For more information see www.patriciabyrneauthor.com
Bestselling author Roisin Meaney, has just published her fifteenth novel, ‘The Anniversary’, despite suffering from the debilitating condition chronic Insomnia.
According to the Health Service Executive (HSE) website, Insomnia is difficulty falling or staying asleep for long enough to feel refreshed the next morning, some of the side effects are feeling tired, lack of concentration, irritability and not being able to mentally or physically function effectively for normal daily routines.
Roisin, who has lived in Limerick most of her life, has had insomnia for more than ten years, and has tried every type of exercise and alternative remedy to have a full nights slumber.
“I’ve meditated, I’ve lain on a yantra mat, I’ve done yoga, I’ve listened to whale music, I’ve taken supplements that are known for sleep inducing properties… you name it, I’ve done it, or swallowed it.
“I take half a sleeping tablet that I buy over the counter in Spanish chemists. After trying a gazillion other remedies, alternative and otherwise, this is the only one that works. Every few nights I don’t take it, and I don’t sleep,” said Roisin.
Though she has no idea what might have triggered the insomnia Roisin said, “I have no mental or physical issues that might be causing it. Perhaps the creative process has something to do with it, I used to think it might be, but now I’m not so sure. If I’m not writing I’m generally thinking about the next book, but I’m not convinced it’s the culprit. I mean, I’m currently on book number sixteen, you’d think my system would have adapted by now.”
Despite having Insomnia, Roisin still manages to keep her busy routine of writing daily, and all that being a modern successful author entails, such as book readings, speaking at book festivals, interviews for television, radio, newspapers and keeping her social media up to date as well as replying to fans of her books.
Though she has tried to structure a nap into her daily routine it has not worked.
“No matter how tired I feel I seem incapable of napping. I so envy folk who can grab half an hour of sleep whenever they want. Thankfully, I’m still producing a novel a year. Of course, they might be better novels if I slept well, but that’s for another day,” joked Roisin.

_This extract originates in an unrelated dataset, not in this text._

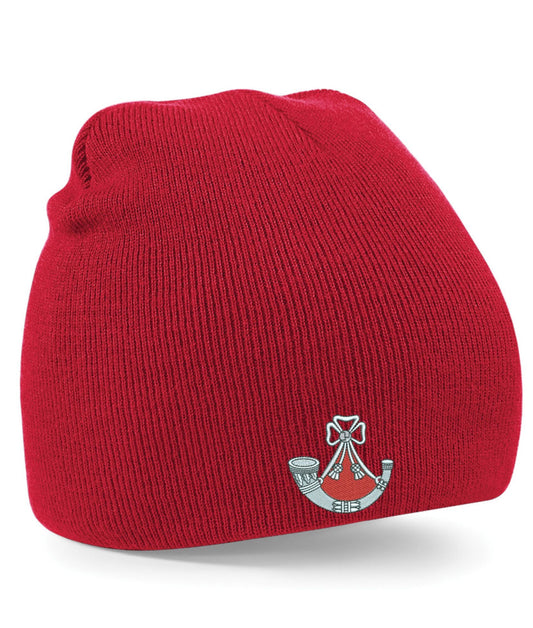 Light Infantry Regiment Beanie Hats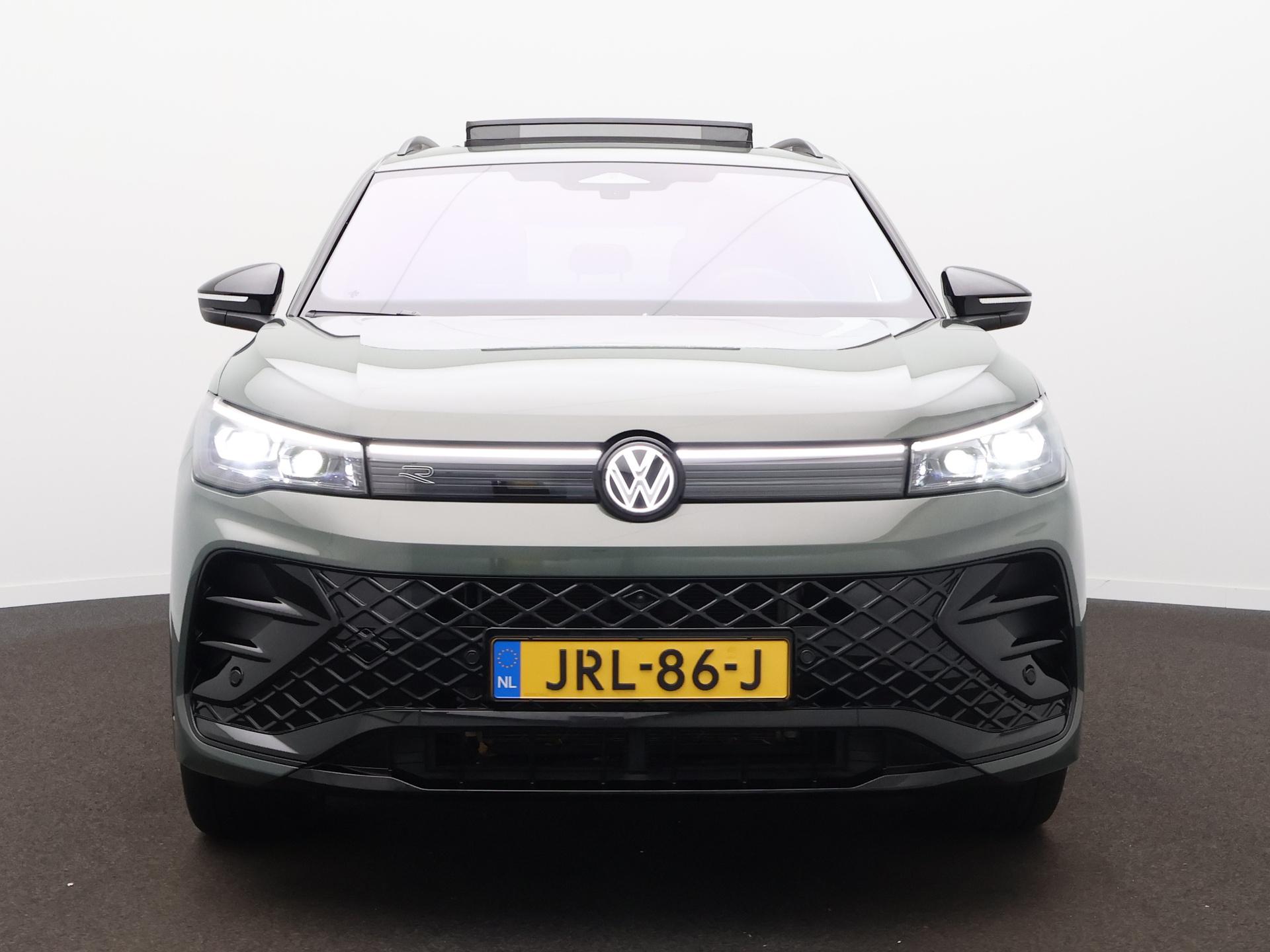 Volkswagen Tiguan 1.5 eHybrid R-Line Edition - Afbeelding 2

‘The Anniversary’ which is now available in bookshops, centres around a couple, Lily and Charlie, who split up four years earlier and who are coming together to spend a weekend in the house where Lily grew up, and where they spent summer holidays when the children were small. Accompanying them are their respective new partners, their two adult children and their daughter’s partner.
Last October Roisin purchased a small cottage in Miltown Malbay in Clare, where her cat has also settled in and she goes for regular early morning walks on the beaches.
“Since then I’ve been dividing my time between Clare and Limerick, and I’ve been met with nothing but friendliness and warmth from the locals. I’m a total blow-in, but they’re OK with that.”